The debates about the militarisation of anthropology have recently made the front page of the New York Times and several other newspapers (f.ex. The Boston Globe) and blogs discussed the story.

Are more and more (American) anthropologists willing to collaborate with the military? If so, anthropology’s role as an instrument of empire can come back into sharper focus as an inherent problem of a Western way of knowing the world”, writes Maximilian Forte:

Yet, we have to admit that imperialism is a significant feature of a “discipline” that was made possible by colonial expansion and where once again anthropologists can find profit from imperialist missions in places such as Afghanistan and Iraq.

When this is added to the chorus of voices in anthropology that would like to diminish indigeneity, that disputes the very concept “indigenous,” that refers to the struggles of the colonized for rights in terms of “seeking special rights,” and that lords over indigenous physical remains as if other people’s bodies (specifically colonized bodies) were the natural property of anthropology – then it is no wonder that this “discipline” (the martial severity of this terminology is indicative and fortuituous in this case) continues to be banished from most universities in the “decolonized” world.

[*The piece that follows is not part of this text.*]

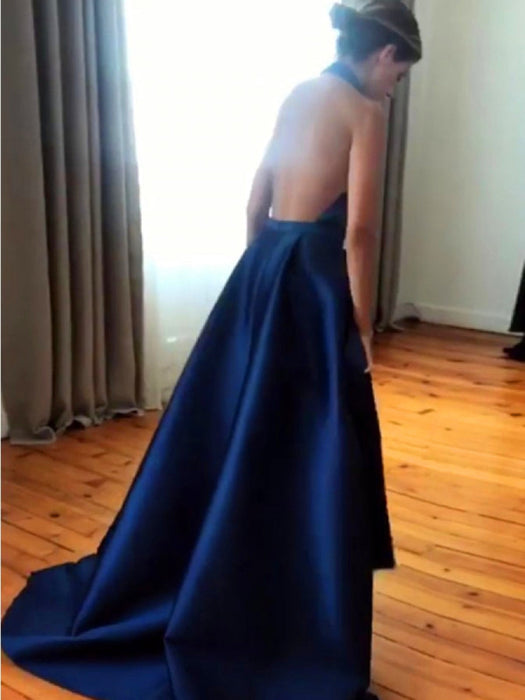 A Line Halter V Neck Backless Royal Blue Prom with High Slit, V Neck R Bridelily A Line Halter V Neck Backless Royal Blue Prom with High Slit, V Neck R Bridelily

>> read the whole blog post: Anthropology’s Dirty Little Colonial Streak?:

Roger N. Lancaster writes about his experiences during his anthropological research in Mexico:

Invariably, one of the first questions I was asked when I tried to begin an interview was, “Are you here to spy on us?”

Even after full disclosure of my university employment, publications and current research design, I found myself blocked out of some potentially useful interviews. Headlines like “Army Enlists Anthropology in War Zones” (front page, Oct. 5) will make future research all the more difficult.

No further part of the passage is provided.